Cihad İlbaş ve Melike Koçak tarafından hazırlanan “Kobanê ve Şengalli çocuklar için eğitimcilerden çağrı” başlığıyla yayımlanan çağrı metni şöyle:
Kobanê ve Şengalli Çocuklar İçin Eğitimcilerden Çağrı
Türkiye Cumhuriyeti Milli Eğitim Bakanlığı kendi web sitesinde, "Konumuz çocuklar olduğu için biz de sizlere çocukların sahip olduğu hakları hatırlatmak istedik" deyip Birleşmiş Milletler Çocuk Hakları Sözleşmesi'ni özetleyerek aktarmış.
Bakanlık, haklı!
Savaşlar, kıyımlar, açlık, yoksulluk, vahşet, katliam, zorunlu göçlerle kuşatılmış yeryüzünde ve hele hele Ortadoğu'da, Türkiye'de söz konusu hakları "Irk, renk, cinsiyet, dil, siyasal ya da başka düşünceler, ulusal, etnik ve sosyal köken, mülkiyet, sakatlık, doğuş ve diğer statüler nedeniyle hiçbir ayrım gözetme"den çocuk, çocuktur demeyi unutmamak için hatırlamak ve hatırlatmak gerek. Bunun için lütfen bir kez daha bakınız
Siz sözleşmeye yeniden bakarken biz, yanı başımızda savaşa, katliama, göçe maruz kalmış çocukların akıl, dil, inanç, beden, ruh... yaşam haklarının ne durumda olduğuna dair bildiklerimizi sizlerle paylaşalım. Ama önce genel durum.
Şengal ve Kobanê'den Türkiye'ye zorunlu göç
IŞİD'in Şengal ve Kobanê'deki saldırıları sonucu Türkiye'ye göç etmek zorunda kalan Êzidî ve Kürt halkına dair hakikatin bilgisi öyle sert ki başka söze gerek yok. Bu bilgiler güncelleniyor. Zira savaş devam ediyor!
GABB'ın (Güneydoğu Anadolu Bölgesi Belediyeler Birliği) (www.gabb.gov.tr) "DAİŞ'in İnsanlık Dışı Saldırıları ve Bölgeye Etkileri" başlıklı raporunda Êzidîler'in durumuna dair verilen bilgileri özetleyerek başlayalım:
- Ağustosta Şengal dağlarına sığınan Êzidî sayısı 50.000'inden fazla.
- Türkiye ve Güney Kürdistan şehirlerine göç eden, 300.000'den fazla.
- "Savaş ganimeti" olarak adlandırılan kaçırılmış, köle olarak satılmış kadın sayısı net değil.
- IŞİD'in eline geçmemek için intihar eden kadın sayısı net değil.
- 150 civarında çocuk yetersiz beslenme ve susuluktan hayatını kaybetmiş.

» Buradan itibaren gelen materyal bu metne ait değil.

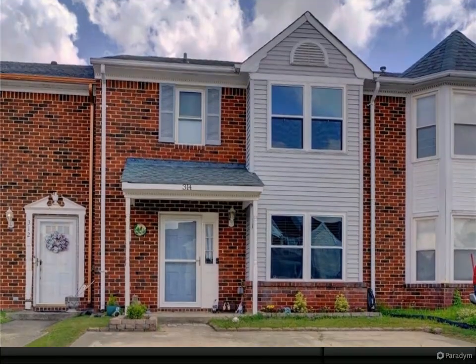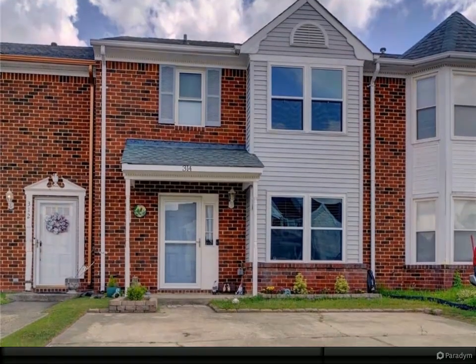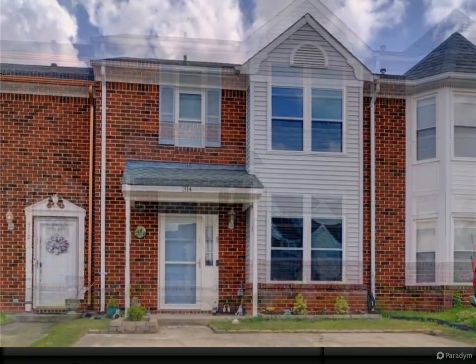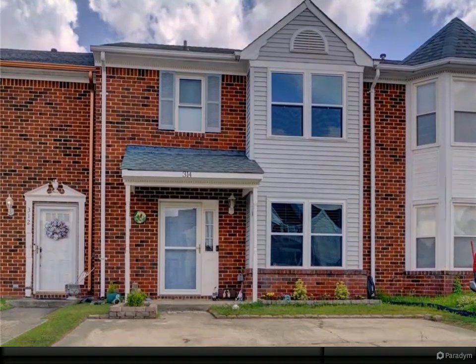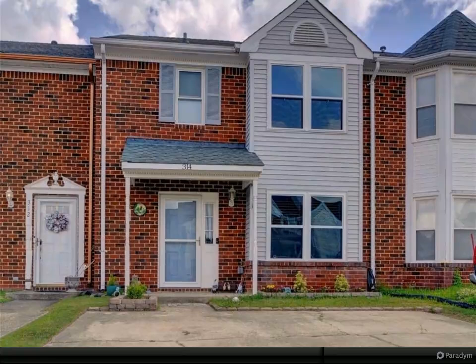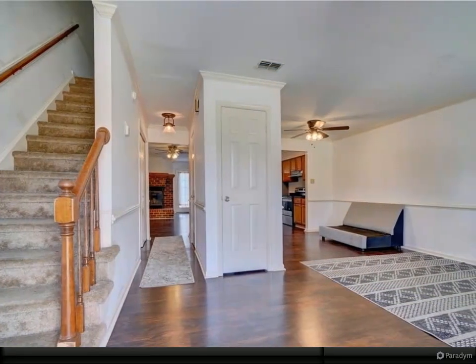Located on a cul-de-sac, this charming townhome exemplifies meticulous care. The open living area seamlessly flows into the kitchen, overlooking the expansive dining room. The fenced-in backyard, complete with a tranquil patio, offers an ideal space for outdoor entertainment.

- Mahmur'da mülteci kampı güvenlik önlemi olarak boşaltılmış, 15.000 mülteci Irak'ın başka kentlerine göç etmiş.
- Türkiye'ye giriş yapan Şengallilerin sayısı, 30 bin civarında.
- 8000 civarında Êzidî, Güney Kürdistan'daki yakınlarının yanına dönmüş.
- Mardin, Siirt, Batman, Viranşehir, Silopi, Cizre, Diyarbakır, Çınar, Bismil, Ergani'de yerleştirildikleri evler, çadır kentler, misafirhaneler, parklarda yaşıyor.
- 30 ayrı yere yerleştirilmişler.
- Barınma, sağlık, eğitim ve sosyal alana dair ihtiyaçlar var.
- Kış koşullarına uygun konteynır kentler ve kışlık çadırların bulunduğu merkezler oluşturulmaya çalışılıyor.
- Yaşanan yerlerdeki sayı, kapasitenin çok üzerinde.
- Yiyecek, içecek, ortak mutfakların kurulması ve giderleri destekleyecek şekilde projelendirme, kurumlardan destek gerek.
- Her yaşam alanında 24 saat çalışabilir durumda sağlık üniteleri ve devlet hastanelerinden yararlanılması gerek.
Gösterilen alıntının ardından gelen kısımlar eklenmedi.